▶ PROMPT:
Once the line with "7930 Roanoke Run" is found in the data, output it and each following line exactly, up to and including the line with "11106 Nottingham Road, Detroit, MI 48224", and nothing before or after.

*** Block opens ***

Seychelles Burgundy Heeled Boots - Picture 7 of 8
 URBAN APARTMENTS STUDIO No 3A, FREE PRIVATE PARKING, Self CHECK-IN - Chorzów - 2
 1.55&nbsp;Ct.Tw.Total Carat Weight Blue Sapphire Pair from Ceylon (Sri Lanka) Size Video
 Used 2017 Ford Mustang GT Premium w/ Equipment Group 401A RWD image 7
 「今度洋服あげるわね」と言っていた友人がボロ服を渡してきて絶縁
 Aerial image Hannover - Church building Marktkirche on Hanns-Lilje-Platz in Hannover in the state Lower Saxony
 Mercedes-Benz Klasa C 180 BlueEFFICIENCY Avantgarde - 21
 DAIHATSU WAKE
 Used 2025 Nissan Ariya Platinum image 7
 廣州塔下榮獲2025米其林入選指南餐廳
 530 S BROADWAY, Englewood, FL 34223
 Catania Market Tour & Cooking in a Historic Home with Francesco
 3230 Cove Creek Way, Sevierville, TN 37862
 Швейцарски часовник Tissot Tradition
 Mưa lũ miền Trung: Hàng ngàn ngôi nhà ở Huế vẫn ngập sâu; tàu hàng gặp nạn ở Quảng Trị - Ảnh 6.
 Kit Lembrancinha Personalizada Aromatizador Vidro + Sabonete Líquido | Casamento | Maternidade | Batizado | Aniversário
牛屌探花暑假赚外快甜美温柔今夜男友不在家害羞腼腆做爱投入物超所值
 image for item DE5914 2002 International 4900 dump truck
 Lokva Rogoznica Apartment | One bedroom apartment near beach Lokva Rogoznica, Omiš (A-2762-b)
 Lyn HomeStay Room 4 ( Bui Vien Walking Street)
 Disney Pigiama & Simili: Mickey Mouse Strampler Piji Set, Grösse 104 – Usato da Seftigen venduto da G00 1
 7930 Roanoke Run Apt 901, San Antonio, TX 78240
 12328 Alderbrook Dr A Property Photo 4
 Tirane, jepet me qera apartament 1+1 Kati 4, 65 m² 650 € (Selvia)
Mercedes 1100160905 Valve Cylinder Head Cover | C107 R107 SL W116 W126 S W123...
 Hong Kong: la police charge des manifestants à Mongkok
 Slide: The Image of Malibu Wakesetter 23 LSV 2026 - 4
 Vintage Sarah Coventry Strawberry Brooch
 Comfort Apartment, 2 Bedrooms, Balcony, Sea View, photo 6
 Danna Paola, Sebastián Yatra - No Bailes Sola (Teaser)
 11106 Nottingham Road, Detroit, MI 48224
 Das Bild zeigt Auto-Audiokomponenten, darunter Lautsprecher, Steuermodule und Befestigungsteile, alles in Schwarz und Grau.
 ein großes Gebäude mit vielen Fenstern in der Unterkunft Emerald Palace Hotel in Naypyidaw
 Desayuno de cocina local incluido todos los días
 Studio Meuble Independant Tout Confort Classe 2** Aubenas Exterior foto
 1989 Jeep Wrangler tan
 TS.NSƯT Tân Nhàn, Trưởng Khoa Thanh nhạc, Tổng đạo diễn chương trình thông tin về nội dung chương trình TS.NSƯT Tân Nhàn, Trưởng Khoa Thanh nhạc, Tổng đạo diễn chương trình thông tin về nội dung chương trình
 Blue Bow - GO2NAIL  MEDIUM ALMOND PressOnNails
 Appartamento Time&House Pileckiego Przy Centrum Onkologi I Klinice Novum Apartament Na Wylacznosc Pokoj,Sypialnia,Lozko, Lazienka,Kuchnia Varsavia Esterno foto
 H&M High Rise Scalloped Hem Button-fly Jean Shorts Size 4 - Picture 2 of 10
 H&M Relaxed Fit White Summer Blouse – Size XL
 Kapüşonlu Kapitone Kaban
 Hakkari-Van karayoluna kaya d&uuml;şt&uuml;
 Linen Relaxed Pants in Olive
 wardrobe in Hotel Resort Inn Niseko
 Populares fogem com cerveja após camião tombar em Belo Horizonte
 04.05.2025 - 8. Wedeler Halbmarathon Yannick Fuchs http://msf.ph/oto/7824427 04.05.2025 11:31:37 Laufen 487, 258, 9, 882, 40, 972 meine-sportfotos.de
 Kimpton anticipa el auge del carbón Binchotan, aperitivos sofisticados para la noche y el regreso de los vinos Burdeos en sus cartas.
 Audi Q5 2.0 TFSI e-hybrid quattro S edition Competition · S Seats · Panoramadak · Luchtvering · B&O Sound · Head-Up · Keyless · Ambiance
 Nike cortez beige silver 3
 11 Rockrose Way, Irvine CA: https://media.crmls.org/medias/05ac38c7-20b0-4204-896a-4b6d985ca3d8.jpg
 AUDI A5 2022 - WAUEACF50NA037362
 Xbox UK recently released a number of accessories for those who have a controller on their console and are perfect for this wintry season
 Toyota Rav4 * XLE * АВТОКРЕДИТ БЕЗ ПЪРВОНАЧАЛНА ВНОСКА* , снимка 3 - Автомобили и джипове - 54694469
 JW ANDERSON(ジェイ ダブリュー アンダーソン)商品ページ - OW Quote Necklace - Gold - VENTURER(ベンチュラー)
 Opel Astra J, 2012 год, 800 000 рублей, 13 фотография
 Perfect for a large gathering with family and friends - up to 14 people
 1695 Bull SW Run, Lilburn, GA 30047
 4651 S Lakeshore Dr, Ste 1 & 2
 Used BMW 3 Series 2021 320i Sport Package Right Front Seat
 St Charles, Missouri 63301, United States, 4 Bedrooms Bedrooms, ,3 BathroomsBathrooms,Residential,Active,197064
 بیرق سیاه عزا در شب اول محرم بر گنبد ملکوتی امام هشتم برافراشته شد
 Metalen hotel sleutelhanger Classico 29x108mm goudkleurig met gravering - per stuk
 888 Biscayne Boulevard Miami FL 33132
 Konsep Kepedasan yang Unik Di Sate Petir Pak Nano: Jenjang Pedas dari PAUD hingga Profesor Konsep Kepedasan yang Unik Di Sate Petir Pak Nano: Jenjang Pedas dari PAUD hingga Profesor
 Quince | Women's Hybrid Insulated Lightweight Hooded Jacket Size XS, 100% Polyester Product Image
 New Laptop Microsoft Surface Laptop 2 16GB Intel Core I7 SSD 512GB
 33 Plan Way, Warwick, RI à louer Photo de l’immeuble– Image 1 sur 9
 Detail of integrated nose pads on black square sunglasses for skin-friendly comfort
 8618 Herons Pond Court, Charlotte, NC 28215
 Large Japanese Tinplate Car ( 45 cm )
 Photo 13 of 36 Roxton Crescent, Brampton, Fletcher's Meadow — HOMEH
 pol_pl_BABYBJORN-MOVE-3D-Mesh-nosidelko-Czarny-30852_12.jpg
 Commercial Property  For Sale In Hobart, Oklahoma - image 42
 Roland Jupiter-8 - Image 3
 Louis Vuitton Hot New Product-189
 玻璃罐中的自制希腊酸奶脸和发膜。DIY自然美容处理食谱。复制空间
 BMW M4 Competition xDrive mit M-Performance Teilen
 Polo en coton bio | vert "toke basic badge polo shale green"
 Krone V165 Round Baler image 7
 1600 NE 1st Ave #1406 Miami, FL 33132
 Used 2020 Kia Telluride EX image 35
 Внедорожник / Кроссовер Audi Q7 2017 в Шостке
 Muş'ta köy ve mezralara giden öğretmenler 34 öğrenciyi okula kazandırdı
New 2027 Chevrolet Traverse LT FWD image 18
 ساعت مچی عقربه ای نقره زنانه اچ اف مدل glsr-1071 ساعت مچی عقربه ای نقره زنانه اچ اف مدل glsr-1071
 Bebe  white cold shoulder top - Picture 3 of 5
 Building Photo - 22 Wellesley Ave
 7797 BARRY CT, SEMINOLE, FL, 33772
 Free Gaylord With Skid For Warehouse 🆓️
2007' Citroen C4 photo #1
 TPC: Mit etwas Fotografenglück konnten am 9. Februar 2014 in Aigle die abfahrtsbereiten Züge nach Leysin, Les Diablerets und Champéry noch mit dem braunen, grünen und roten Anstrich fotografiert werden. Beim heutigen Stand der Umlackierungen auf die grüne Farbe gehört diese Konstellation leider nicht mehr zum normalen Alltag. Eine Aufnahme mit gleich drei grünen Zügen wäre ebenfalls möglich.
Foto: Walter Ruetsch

*** Block closes ***

▶ ANSWER BELOW:
 7930 Roanoke Run Apt 901, San Antonio, TX 78240
 12328 Alderbrook Dr A Property Photo 4
 Tirane, jepet me qera apartament 1+1 Kati 4, 65 m² 650 € (Selvia)
Mercedes 1100160905 Valve Cylinder Head Cover | C107 R107 SL W116 W126 S W123...
 Hong Kong: la police charge des manifestants à Mongkok
 Slide: The Image of Malibu Wakesetter 23 LSV 2026 - 4
 Vintage Sarah Coventry Strawberry Brooch
 Comfort Apartment, 2 Bedrooms, Balcony, Sea View, photo 6
 Danna Paola, Sebastián Yatra - No Bailes Sola (Teaser)
 11106 Nottingham Road, Detroit, MI 48224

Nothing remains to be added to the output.